The awards ceremony was hosted by Lord Kennedy of Southwark and sponsored by pub chain JD Wetherspoon.
Insp Crawford was a civilian employed as the sexual violence (prevention) strategic lead for Lincolnshire County Council when she created the 'Ask for Angela' campaign.
The initiative has received international attention and been taken up in many countries, including the United States, Australia, Argentina, and Germany.
The Ask for Angela poster has been downloaded over 15,000 times from the National Pubwatch website and many thousands more have been distributed in hard copy.
In 2017, Insp Crawford was winner of the Suzy Lamplugh Safety Campaign of the Year Award.
She also received a plaque for her commitment to public safety in 2018 from New South Wales Police in Australia, where Ask for Angela was launched in more than 1,000 bars in Sydney, while visiting as a keynote speaker at an event there.
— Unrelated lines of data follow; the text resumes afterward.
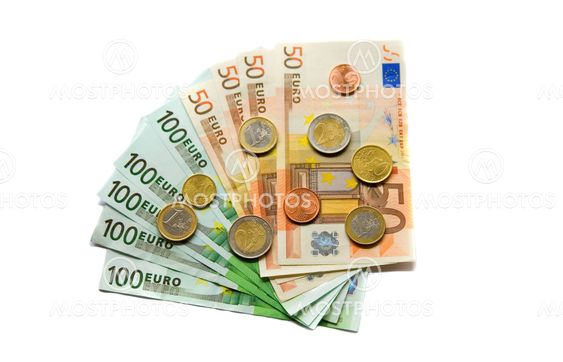 Euro banknotes and coins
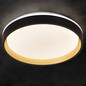 Preview: Kanlux LED Deckenleuchte Soln 25W CCT warm-/tageslichtweiss 2700-6500K 90Ra dimmbar Fernbedienung Schwarz Gold Metall Ø38cm 39111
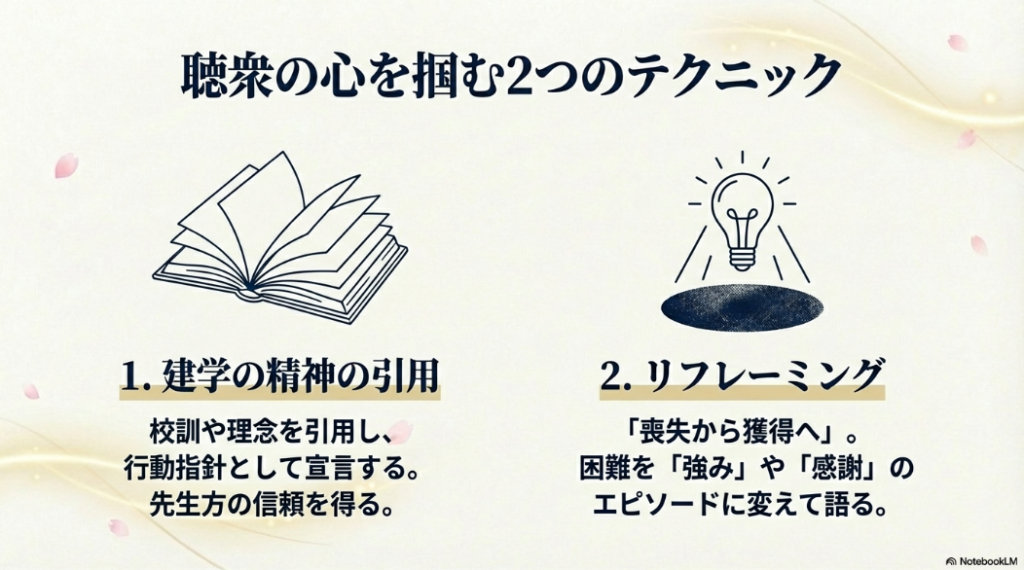 建学の精神の引用と、困難を感謝に変えるリフレーミングの2つの手法を解説したスライド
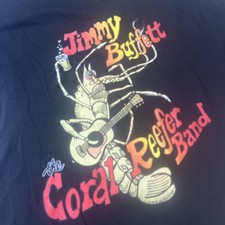 Jimmy Buffett And The Coral Reefer Band Lobster Playing Guitar Shirt Medium New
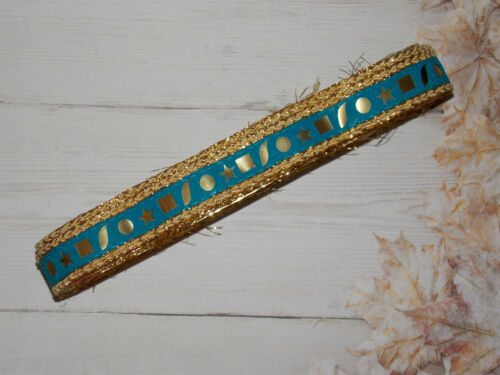 1m turquoise blue shisha foil mirror indian embroidered velvet ribbon 23mm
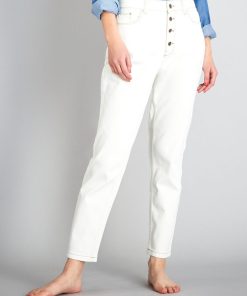 Jean mom à taille très haute - L34 - Blanc cassé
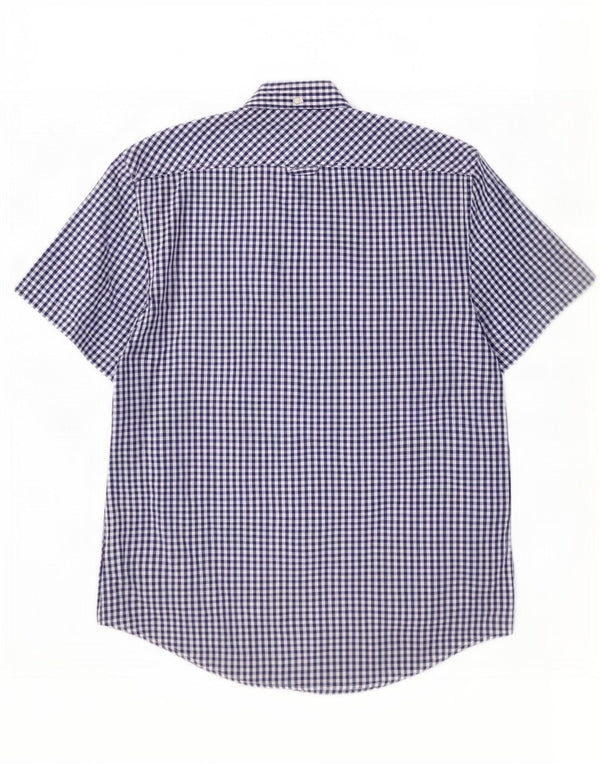 Ben Sherman Herren-Kurzarmhemd aus mittelblauer Gingham-Baumwolle in Marineblau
Ask for Angela was rolled out across Bassetlaw this month and will be re-launched across the rest of Nottinghamshire soon after.
Bar staff and managers are being given training on implementing the scheme, which will be provided by Nottinghamshire Women's Aid and Communities Inc through their Stand By Her program.
By using the safe word it will indicate the person needs help with their situation and a trained member of staff will then take them to a safe location and look to support and assist them.
This could mean reuniting them with a friend, seeing them to a taxi, or by calling venue security and/or the police.